◆ Task prompt: Could you give again exactly, and only, the lines from the one holding "Charm vintage con inicial PJULAN" through the end of the data, both ends included, with pictures left out?

◆ Dataset content:
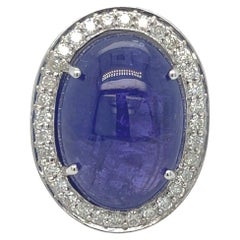 Bague cocktail en tanzanite cabochon et diamant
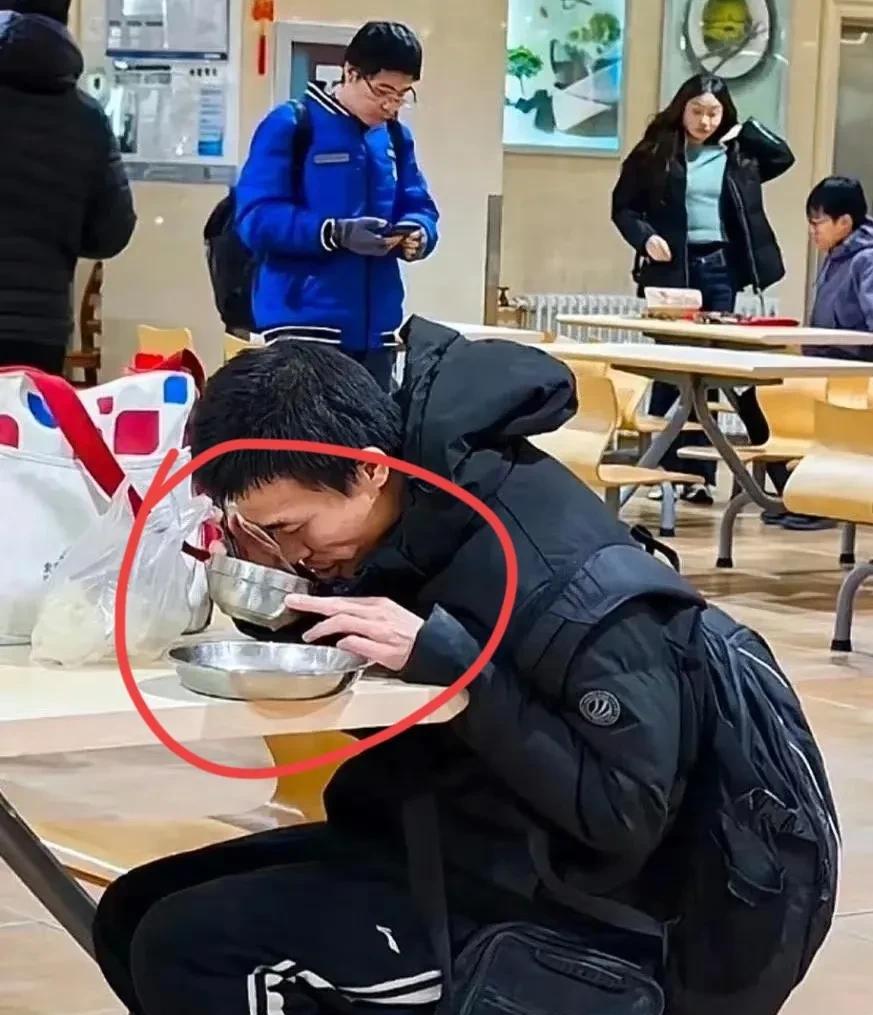 我问我老公，如果让你和“韦神”互换人生，成为天才，你愿意吗？老公白了我一眼说，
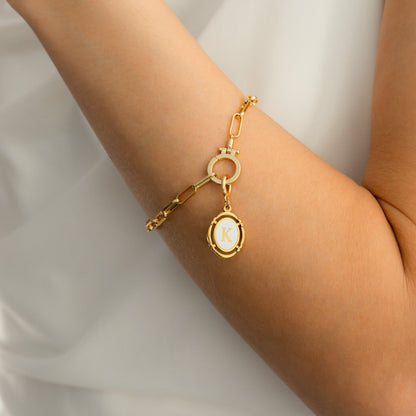 Charm vintage con inicial PJULAN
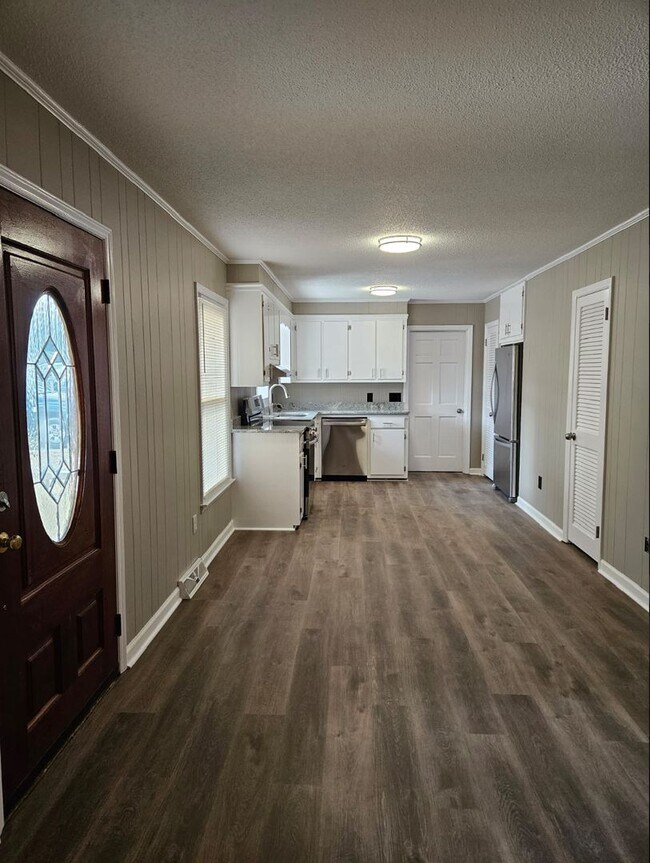 Building Photo - Newly updated 3 bedroom, 2 bath house in B...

◆ Exercise response:
 Charm vintage con inicial PJULAN
 Building Photo - Newly updated 3 bedroom, 2 bath house in B...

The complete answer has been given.